The newspaper’s fact checker confirmed what was first suggested last year following an Oregon incident: Anti-gunners use an overly broad definition of “school shooting” to pad the data. This followed a claim by Sen. Chris Murphy (D-Conn.) that since Sandy Hook there has been, on average, one school shooting a week. By the newspaper’s math, that would put the total around 128 incidents. The newspaper said the source for the claim is a report by anti-gun billionaire Michael Bloomberg’s Everytown for Gun Safety.
“Anti-gunners have essentially been cooking the books,” said CCRKBA Chairman Alan Gottlieb. “This isn’t the first time a newspaper has called Everytown on this claim and it should cause the press, and the public, to wonder what other misleading claims the gun ban crowd has been making.”
The Washington Post gave Murphy’s claim a whopping “Four Pinocchios,” an allusion to how the famous cartoon character’s nose grew when he told a fib. It is “tantamount to calling something a bald-faced lie,” Gottlieb said.
The newspaper criticized lawmakers for using data from an advocacy group without checking more credible sources. It said the Everytown group “uses a broad definition of school shooting: when a firearm is discharged on school or campus grounds at K-12 schools and colleges.” Last year, PolitiFact Oregon noted that while Everytown does not include “incidents in which guns were brought into schools, but not fired there, or were fired off school grounds after having been possessed in schools,” its data at the time did include a homicide that happened during summer vacation in Tennessee, and a Georgia incident in which a college student was killed off campus.

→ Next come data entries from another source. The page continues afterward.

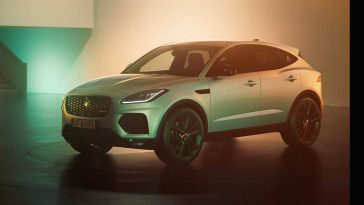 Jaguar E-Pace P300e e Baracuta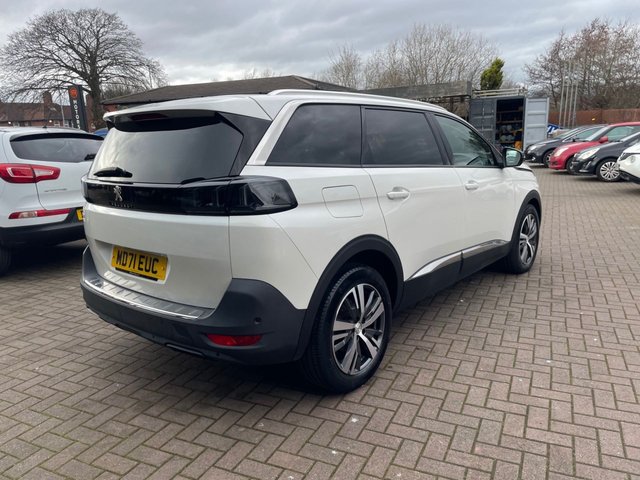 2022 PEUGEOT 5008 1.2 PureTech Allure SUV 5dr Petrol EAT Euro 6 (s/s) (130 ps) - Photo 12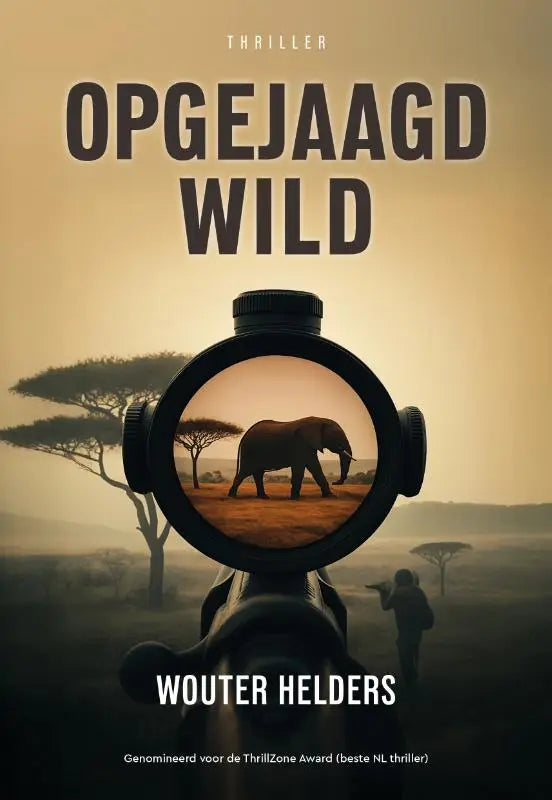 De boekcover van opgejaagd wild toont een zwarte riflescope met een olifantensilhouet tegen een gouden savanne achtergrond
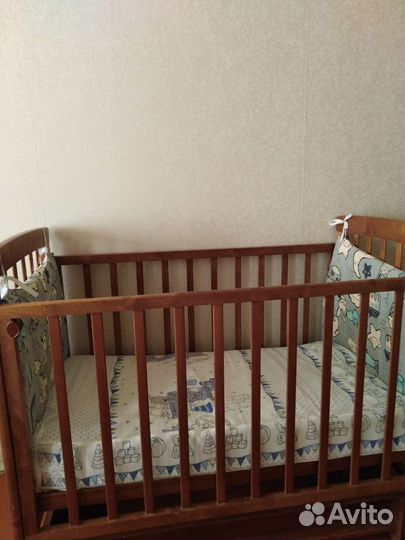 Детская кроватка с маятником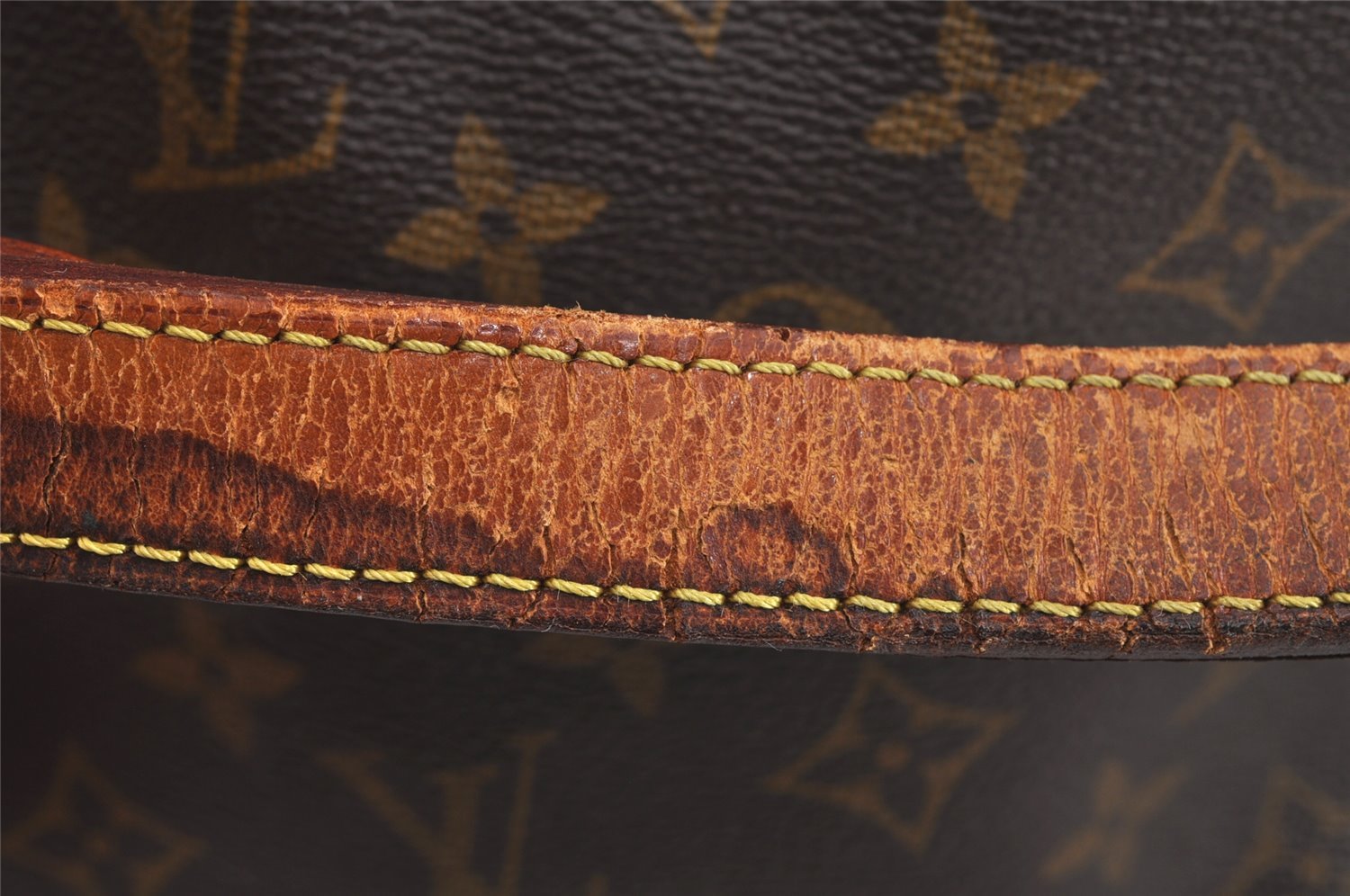 Authentic Louis Vuitton Monogram Petit Noe M42226 Shoulder Drawstring Bag 4203J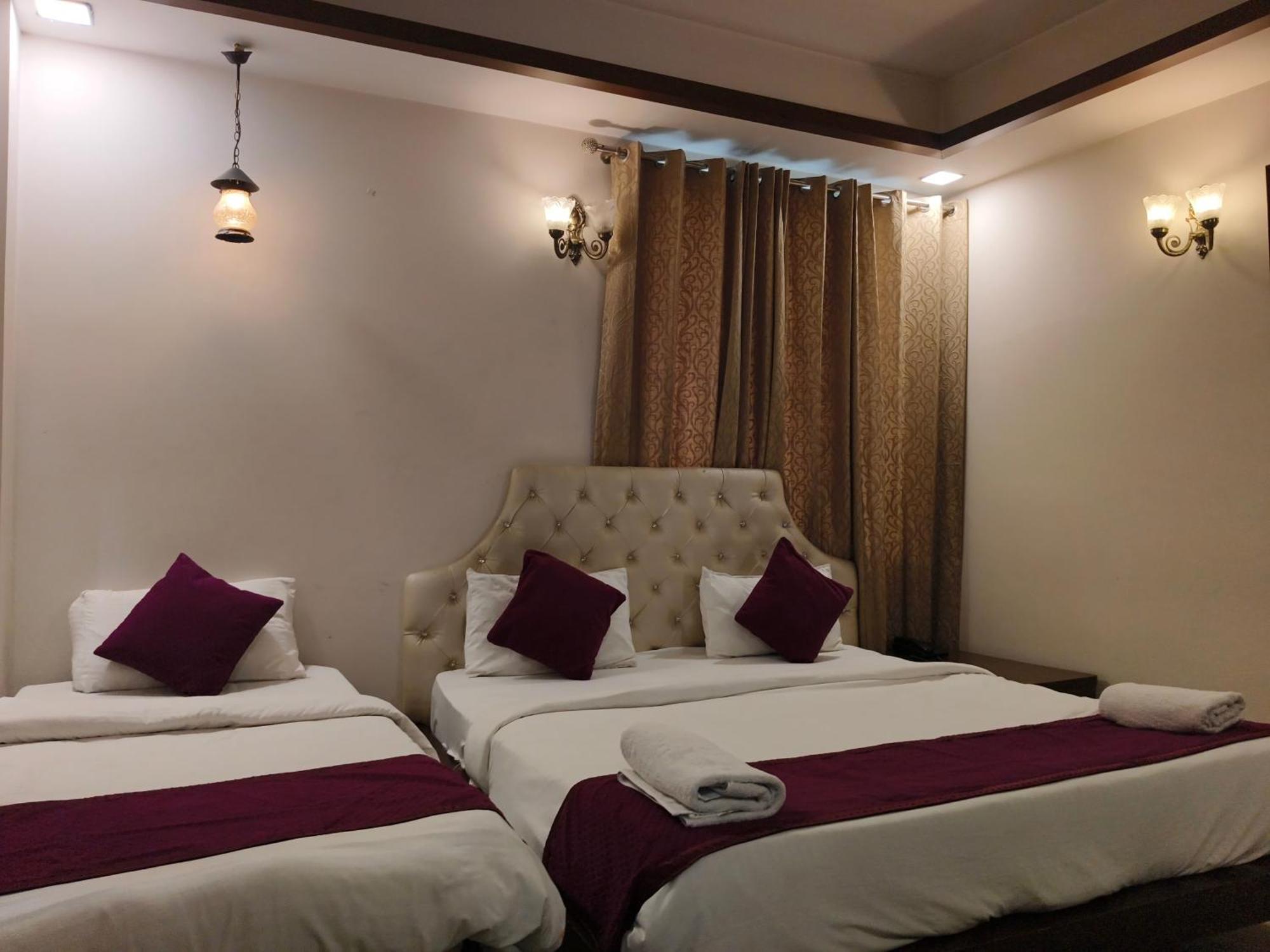 Hotel Agra Grande By Goyal Hoteliers Экстерьер фото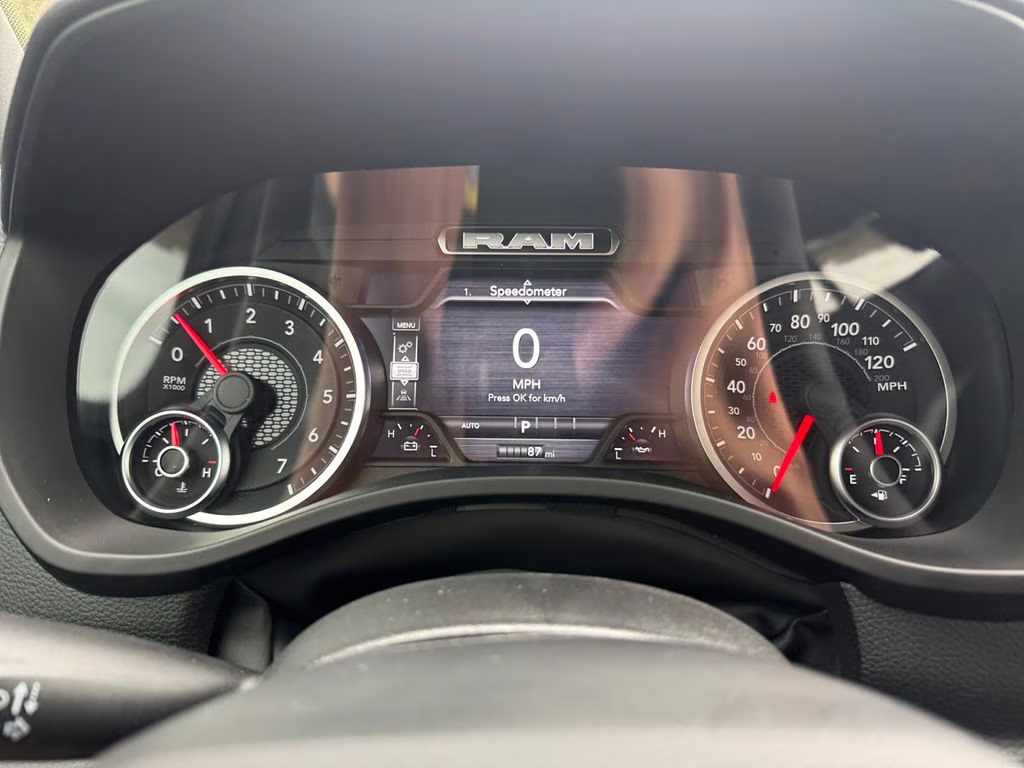 2025 Bright White Clearcoat Ram 1500 Big Horn/Lone Star RWD Truck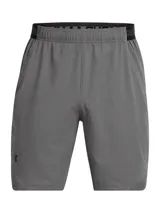 Short deportivo Under Armour Vanish Wvn color gris, de corte recto, con bolsillos laterales y aberturas en el bajo.
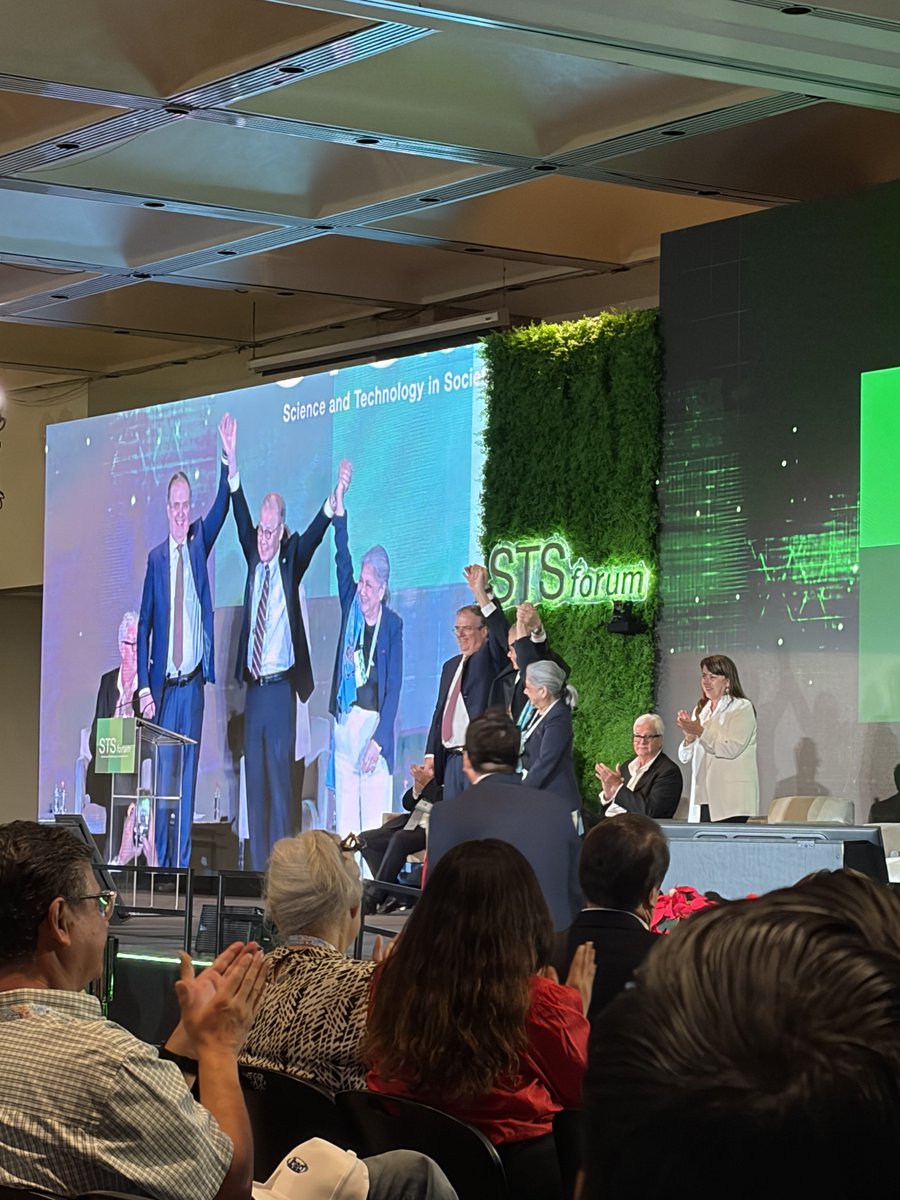 STS forum tweet media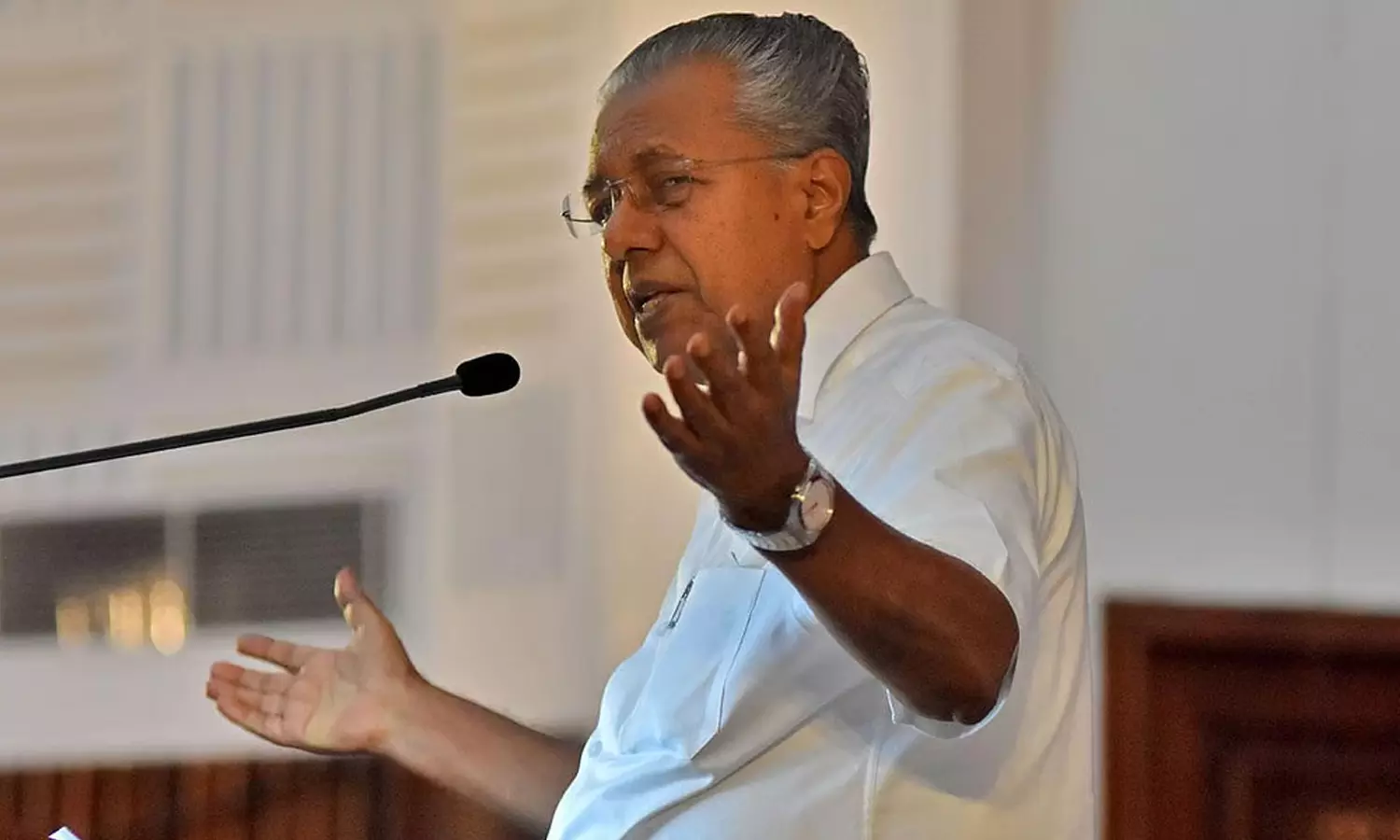 மத்திய அரசின் நடவடிக்கைகளுக்கு எதிராக நமது குரலை உயர்த்த வேண்டும்- பினராயி விஜயன் மத்திய அரசின் நடவடிக்கைகளுக்கு எதிராக நமது குரலை உயர்த்த வேண்டும்- பினராயி விஜயன்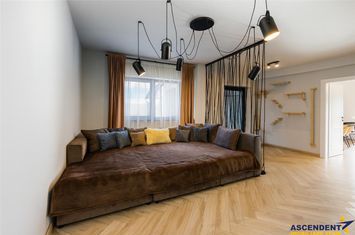 Casă - 4 camere de vanzare TARLUNGENI - Brasov anunturi imobiliare Brasov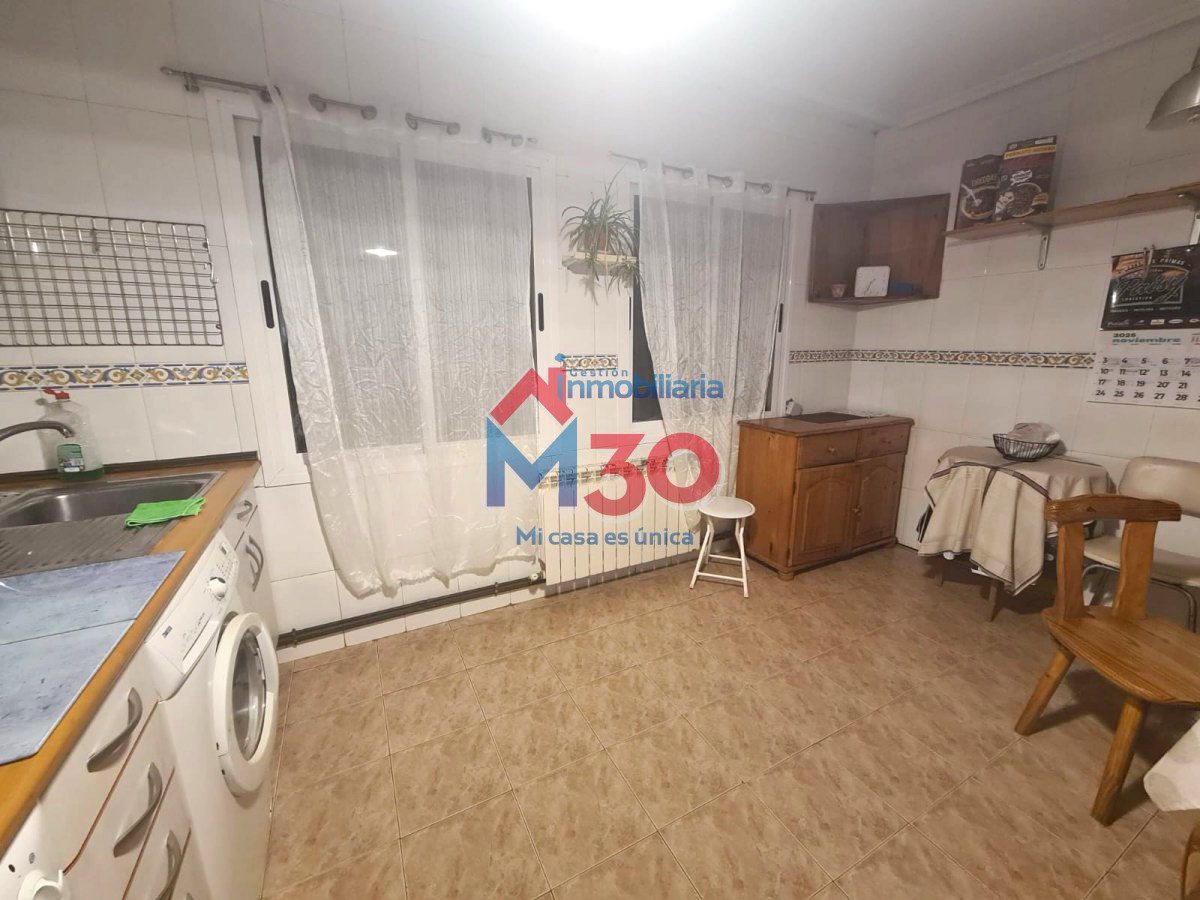Cocina de Piso en venta en Miranda de Ebro con Calefacción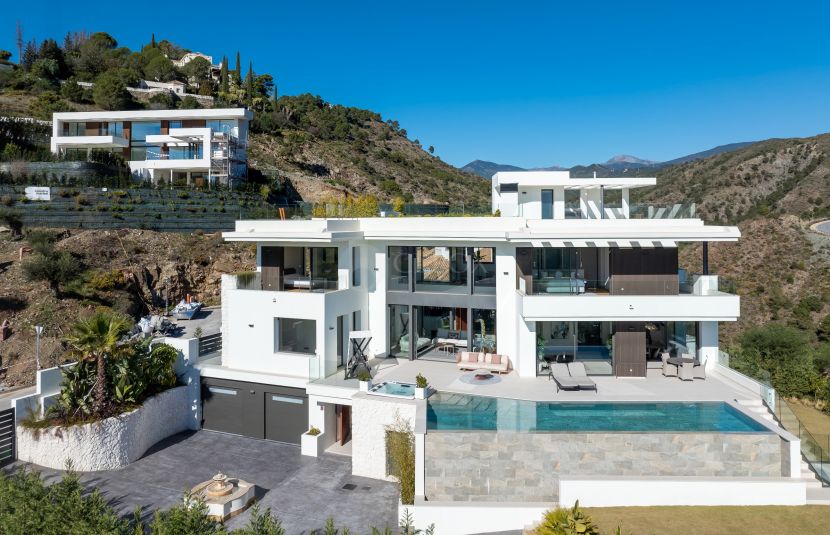 Villa for sale in Lomas de La Quinta, Benahavis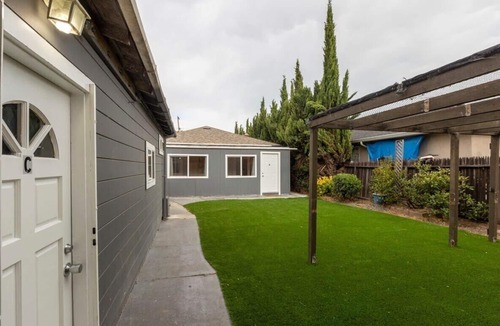 Redwood City House | @ Marbella Lane - 2BR Guest House |DTWN RWC| Pking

“When this question was first raised last year,” Gottlieb recalled, “the estimate should have been dismissed forever as bogus. But instead, this canard has assumed the status of urban myth.
“All it takes is some basic math skills and a little research,” he concluded. “Our hats are off to the Washington Post fact checker for doing its homework. One school shooting is a tragedy, but to broadly define such incidents in order to pad the numbers is simply dishonest.”